- 1. Objective
- 2. Introduction to Various Data Analytics Tools
- 3. The Evolution of Analytic Approaches
- 4. Ensemble method of data analytics
- 5. Commodity Modeling
- 6. Text analytics method of data analysis
- 7. The Evolution of Analytical Tools
- 8. Categories of Analytical Tools
- 9. Some Popular Data Analytical Tools and Techniques
- 10. Difference between R vs SAS vs SPSS
In this data analytical tools tutorial, we are going to learn evolution of various analytical approaches, various categories of Big data analytics tools, features of R Programming tool and importance of R, features of IBM SPSS tool, various features and importance of the SAS tool and then we will learn comparison between R vs SAS vs SPSS to get clear understanding of which tool to use in various situations.
2. Introduction to Various Data Analytics Tools
Analytic professionals have used a range of tools over the years, which enabled them to prepare data for analysis, execute analytic algorithms, and assess the results. With time, there has been an increase in the depth and functionality of these tools. In addition to much richer user interfaces, tools now automate or streamline common tasks.
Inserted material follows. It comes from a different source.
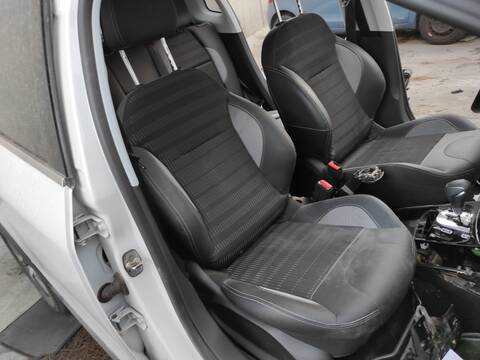 Asiento Delantero Derecho Peugeot 2008 HN05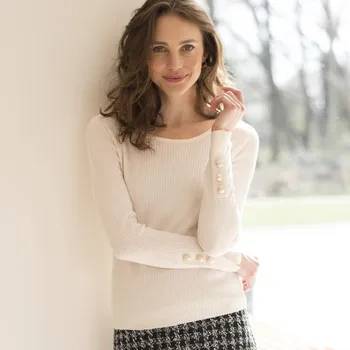 Dámský svetr Žebrovaný pulovr s ozdobnými knoflíky režná 54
As a result, analytic professionals end up with more time to focus on analysis. Combining new tools and methods with the evolved scalability and processes will help the organizations tame Big Data.
3. The Evolution of Analytic Approaches
Now we are going to understand evolution of analytic approaches.
Many common analytical and modeling approaches have been in use for years. Some approaches, such as linear regression or decision trees, are effective and relevant, but relatively simple to implement. In the earlier times, given tight limits on both tool availability and scalability, simplicity was necessary. Today, however, much more is possible.
Modern technology has led to increased volumes of data. To tackle these volumes, advanced analysis techniques have also been developed. With the help of these techniques, data can be analyzed accurately and properly.
Analytical approaches such as linear regression or decision trees, which were developed earlier, have been replaced by advanced analytical methods with the help of modern technology due to growth in data volume and need for advance analysis.
A few analytic methods are:
a. Ensemble Methods
The power of ensemble models stems from different techniques presenting different strengths and weaknesses
b. Commodity Modeling
It aims to improve over where you would end up without any model at all. A commodity modeling process stops when something good enough is found.
c. Text Data Analysis
One of the most rapidly growing methods utilized by organizations today is the analysis of text and other unstructured data sources.
Let us learn the above three methods in detail below.
4. Ensemble method of data analytics
Ensemble approaches are fairly straight forward conceptually. Instead of building a single model with a single technique, multiple models are built using multiple data analytics techniques. The results obtained from all the models are combined together to come up with a final answer.
The process of combining the various results can be anything from a simple average of each model’s predictions to a much more complex formula. It is important to note that ensemble models go beyond picking the best individual performer from a set of models.
The power of ensemble models stems from different techniques presenting different strengths and weaknesses. Certain types of customers, for example, may be scored poorly by one technique but very well by another. By combining intelligence from multiple models, a scoring algorithm becomes better in aggregate, if not literally for every individual customer, product, or store location.
One reason ensemble models are gaining traction is that the theory of the Wisdom of crowds behind them is easy to understand. This is like how many people making a prediction can produce an average answer that is very close to the correct one. This phenomenon is often called the Wisdom of Crowds. Thus, the results obtained using ensemble methods are accurate and risk free.
5. Commodity Modeling
Now we are going to learn commodity method.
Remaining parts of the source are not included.